Mindfulness is about living attentively. Most of the time, our attention is in our heads, focused on our thoughts. We think about all the things we still need to do, worry about something we did or didn’t do. However, you don’t have direct influence over yesterday or tomorrow. You do have influence over what is happening right now. That’s why mindfulness directs your attention to the here and now.
This may sound simple, but it isn’t. Your thoughts are persistent; they don’t just step aside. However, there are various ways to practice dealing with them. For example, you can see your thoughts as little clouds. They keep drifting by, never stopping, but instead of grabbing onto them, examining them from all sides, and getting completely caught up in them, you let them drift away, like a little cloud.

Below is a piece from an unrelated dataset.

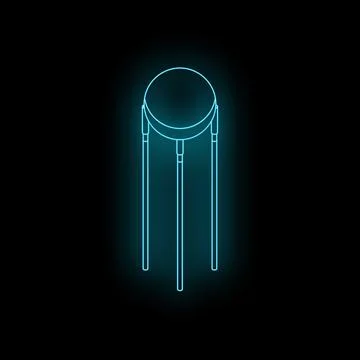 Neon light representing a round table with four legs on a black background Stock Illustration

Imagine you are cycling to work. You have an important meeting coming up, 150 emails are waiting for you, and a colleague is waiting on a report from you. Your mother needs to go to the hospital for a check-up, and your son has an important exam. Your mind can run wild with all of this: I should have prepared better for that exam with him… Should I have gone to the hospital with her?… That report should have been done by now; what if my colleague gets angry… What if the meeting doesn’t go well… and those emails, will it never end…? This is how the average mind works. But if you are cycling mindfully, you are not focused on what’s coming up but only on what you are doing right now. You become a sort of observer of yourself. For example, you can observe that you have a lot of thoughts.
But you do this without diving into those thoughts. So, you think, you cycle, you take a deep breath in and out, you feel the wind in your hair, you hear a blackbird chattering, you see another cyclist, you feel a bump in the road, you see a father with a child in front of the bike singing, you feel your legs pedaling, and you feel your hands on the handlebars. You are completely in the moment, cycling, just cycling. That is mindfulness.
If you listen to your mind, you will probably arrive at work quite stressed. You worry about everything and go into your workday with little confidence. But if you use your bike ride to practice mindfulness, you arrive much less stressed, feeling good, and ready to start your day relaxed.
Breath in, Breath out
Take a few deep breaths in and out. Relax your shoulders and bring your attention to your breathing. Then shift your focus to everything happening around you at this moment. Hear the sounds around you, smell the scents, feel your feet on the ground or your body on the chair. Thoughts will constantly arise, but don’t pay attention to them. Keep returning your focus to your breathing. You will notice that your attention becomes fully anchored in the moment, and as a result, your mind becomes remarkably calm.
Your mind becomes quieter
To truly integrate mindfulness into your life, you can set a few specific times during the day when you consciously practice being mindful. Good moments for this are, for example, brushing your teeth, eating, or doing the laundry. These are activities you often do on autopilot, but try giving them your full attention. By building many of these small moments into your day, you will quickly notice that it becomes much easier to stay present in the here and now, and that your mind becomes quieter.